Film gun violence has tripled since 1985 - study
Levels of gun violence have more than tripled since 1985 in films rated as suitable for teenagers, according to a US study.
Gun violence in PG-13 films last year actually exceeded that in films rated R for viewers aged 17 and older, according to the research.
Overall film violence had doubled since 1950, found the study published in the American Academy of Pediatrics.
Put simply, violence "sells", one researcher told the BBC.
Dr Daniel Romer, co-author of Gun Violence Trends in Movies, said he and his colleagues had examined the top 30 grossing movies of each year from 2012 to 1950.
In a total of 945 films from the last six decades, there were 17,695 violent scenes, according to the joint study by Ohio State University and the Annenberg Public Policy Center at the University of Pennsylvania.
Some 396 of the 420 films they studied since 1985 contained violence, including 783 instances of gun violence.
Some of the recent PG-13 movies that "had a lot of gun violence", according to the study, included The Dark Knight (2008), Transformers: Dark of the Moon (2011), Captain America: The First Avenger (2011), The Avengers (2012), The Amazing Spiderman (2012) and Taken 2 (2012).
The study's authors suggested that sex scenes were more likely to incur a stricter rating than scenes of violence.

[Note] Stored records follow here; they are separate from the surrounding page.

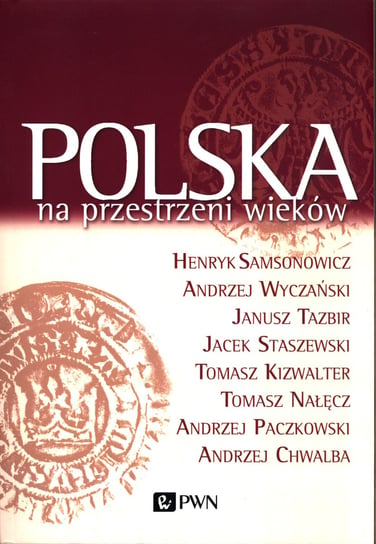 Polska na przestrzeni wieków Samsonowicz Henryk, Wyczański Andrzej, Tazbir Janusz, Staszewski Jacek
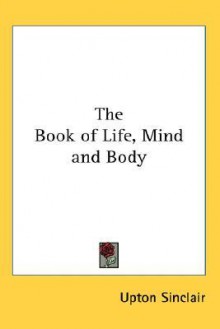 The Book of Life, Vol 1: Mind and Body - Upton Sinclair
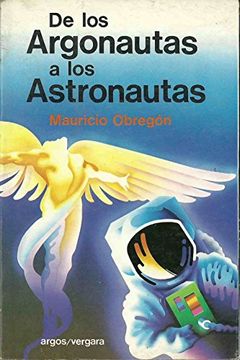 portada De los Argonautas a los Astronautas (Spanish Edition)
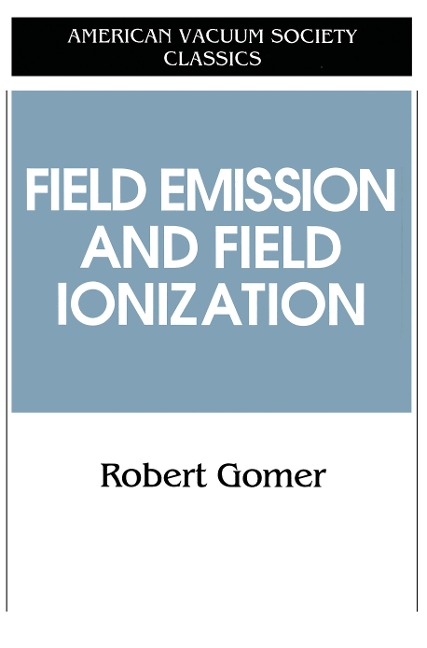 Field Emissions and Field Ionization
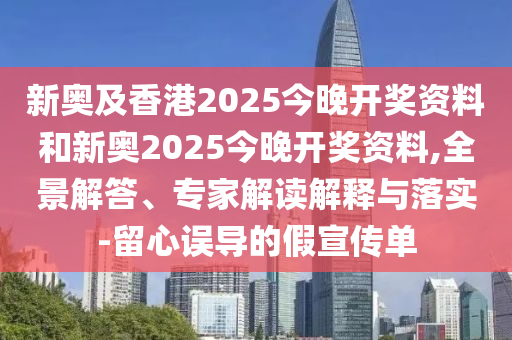 新奧及香港2025今晚開獎資料和新奧2025今晚開獎資料,全景解答、專家解讀解釋與落實-留心誤導的假宣傳單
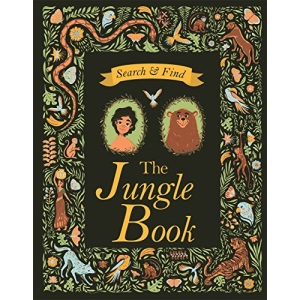Search and Find The Jungle Book: A Rudyard Kipling Search and Find Book (Search & Find Classics)
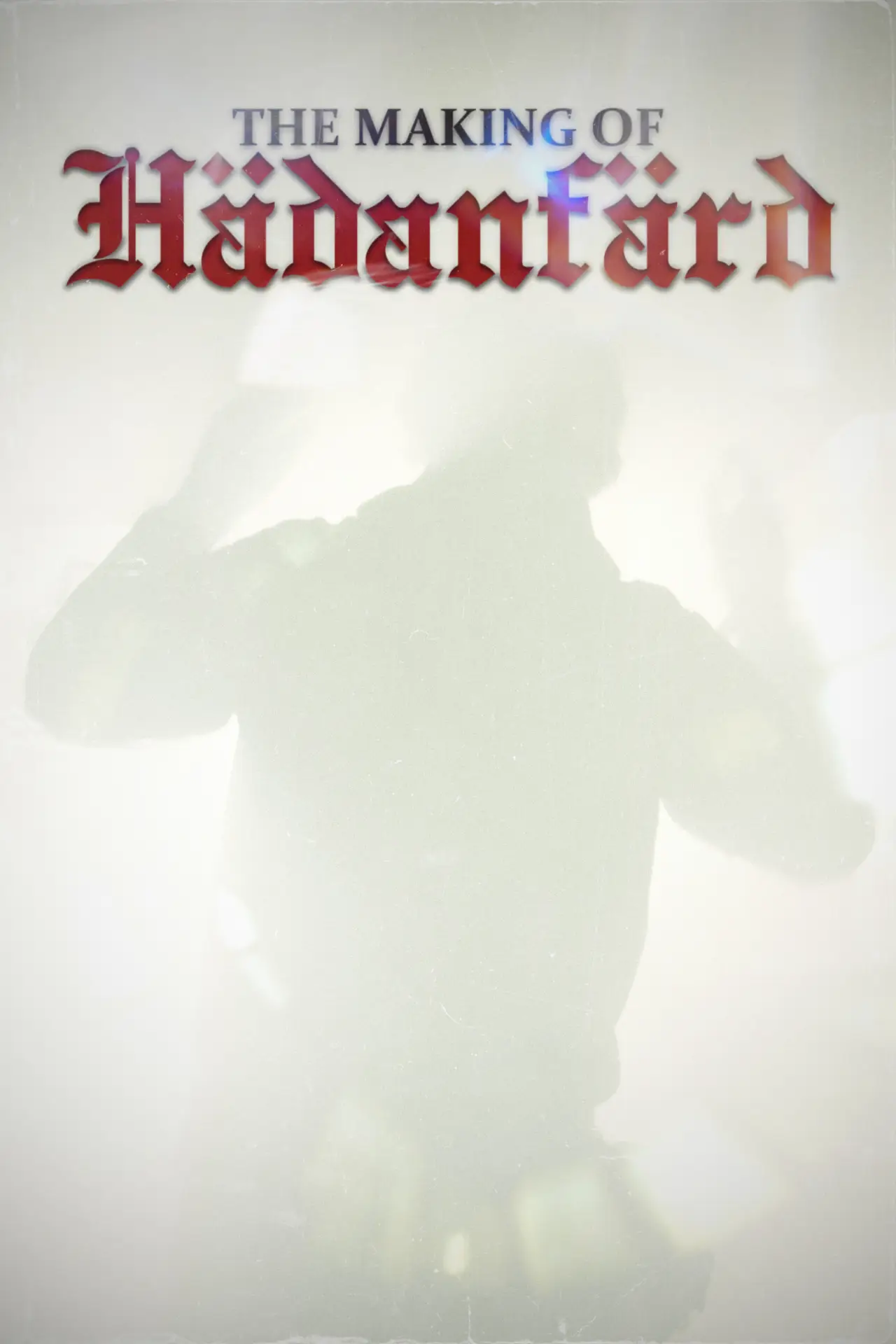 Movie poster "The making of Hädanfärd"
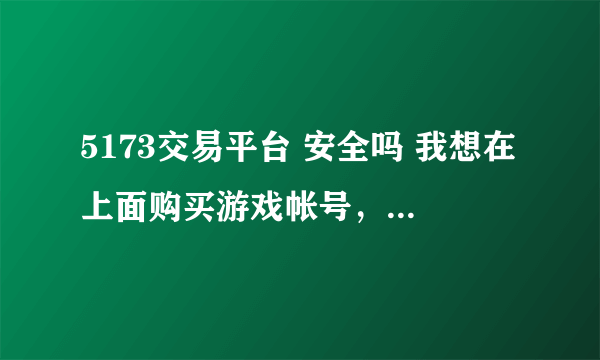 5173交易平台 安全吗 我想在上面购买游戏帐号，请问下安全吗？会不会被人找回 ？谢谢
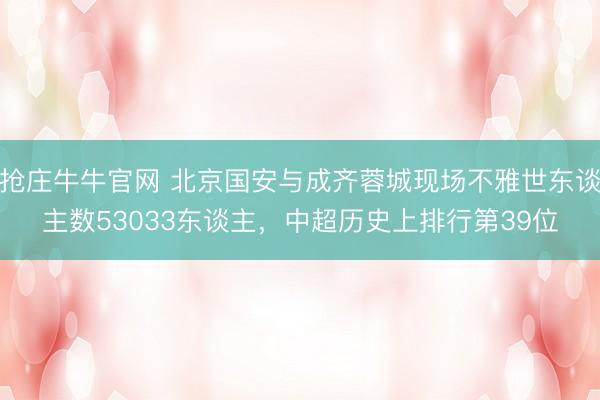 抢庄牛牛官网 北京国安与成齐蓉城现场不雅世东谈主数53033东谈主，中超历史上排行第39位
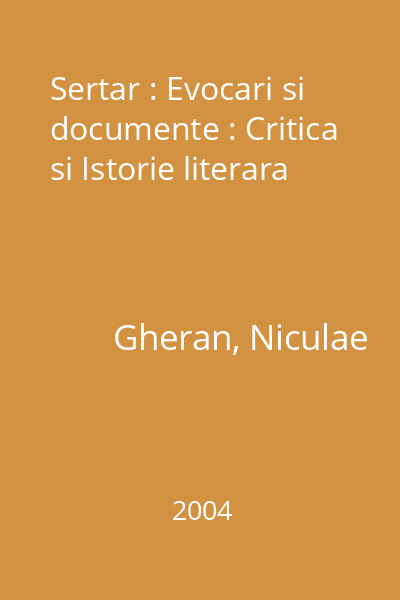 Sertar : Evocari si documente : Critica si Istorie literara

Dr Romer suggested the Motion Picture Association of America (MPAA) re-evaluate its rating system in order to better protect young viewers in the future.
"We'd like to see those films [containing gun violence] put into the R category… or [have them] rethink how much gun violence they will show," Dr Romer said.
Viewership of R-rated films is restricted to those over age 17 or accompanied by a parent; PG-13 strongly cautions parents that some material may not be appropriate for viewers under age 13.
But that rating does not preclude theatres from selling tickets to anyone of any age.